A popular church minister and his family hugged their friends in a tearful last goodbye as they were deported to Korea.

Reverend Wan Shin, 45, who gives sermons at Holy Trinity Church in Sutton, was helped by his colleague Rev Martin Camroux to drive to Heathrow and leave the community he served for eight years.

Alongside him in the car that would begin the long journey back to Korea, were his two children, the youngest of whom was ten when they moved to Sutton in 2002.

Hyun, 19, a student at Overton Grange School, and Joon, a former Wallington Grammar School student, solemnly followed their parents into the car.

Mr Shin said the night before his sons friends’ had cried as they said goodbye to the two siblings, who can speak minimal Korean and fear undergoing mandatory military service.

He said at the church’s Sunday service his wife Ju Young Kim, 45, who works at the Oasis restaurant, and the rest of his congregation had been inconsolable, sobbing at the prospect of the family leaving.

He said: “We have cried for a long time now.
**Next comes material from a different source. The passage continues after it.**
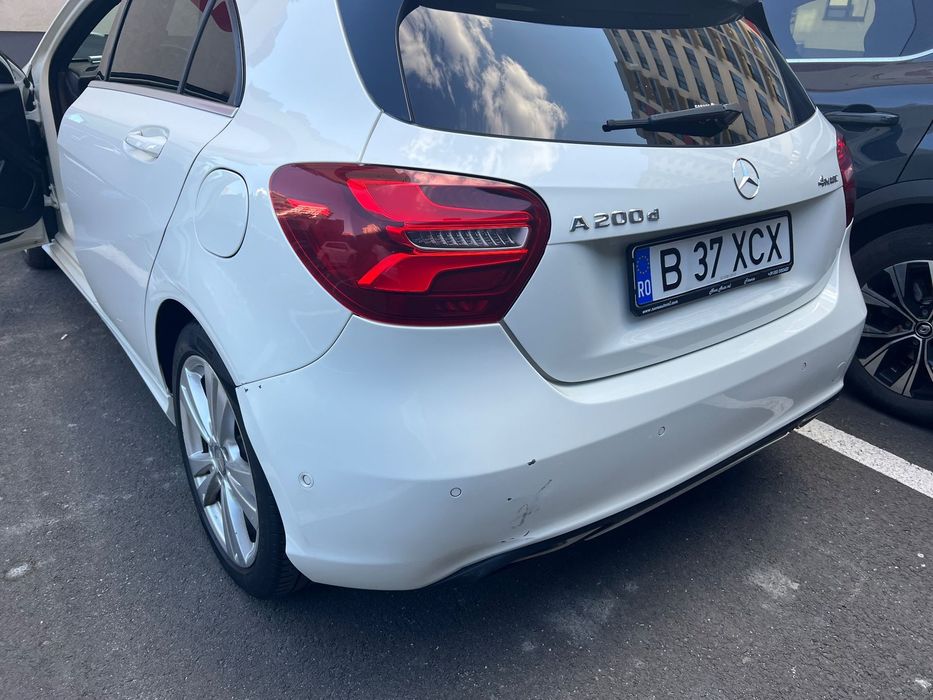 Mercedes-Benz A 200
It is very sad. I feel quite numb. We are not sure what the future holds.”

Despite a passionate crusade from their congregation and neighbours, as well as advocacy from MP Paul Burstow, the Shins’ eleventh-hour application for asylum was rejected by the Immigration minister, Phil Woolas, earlier this month.

Rev Shin, an ordained minister of the conservative Korean Evangelical Holiness Church, had campaigned to stay fearing he will no longer be able to work in Korea, after his views were significantly liberalised since worshipping at Holy Trinity – a United Reformed Methodist Church.

But resigned to his fate after Mr Woolas’ ruling, Mr Shin booked his family’s tickets to fly to Korea the same quiet dignity with which he battled to stay in Britain.

Rev Camroux said the minister’s decision was “immoral” and meant the end of the pioneering multicultural faith iniative in Sutton.

He said: “In his spare time, without any payment Rev Shin began the Korean congregation and Mrs Shin is as honest as the day is long.

“Both boys coming here with very little English were heading for University places. Surely these are exactly the sort of people we should be welcoming to stay.

“Why are they then being asked to leave?

“It is very much easier to deport the Shins than it is to deport drug dealers with false papers who flit from one address to another. The honest suffer, and the dishonest escape."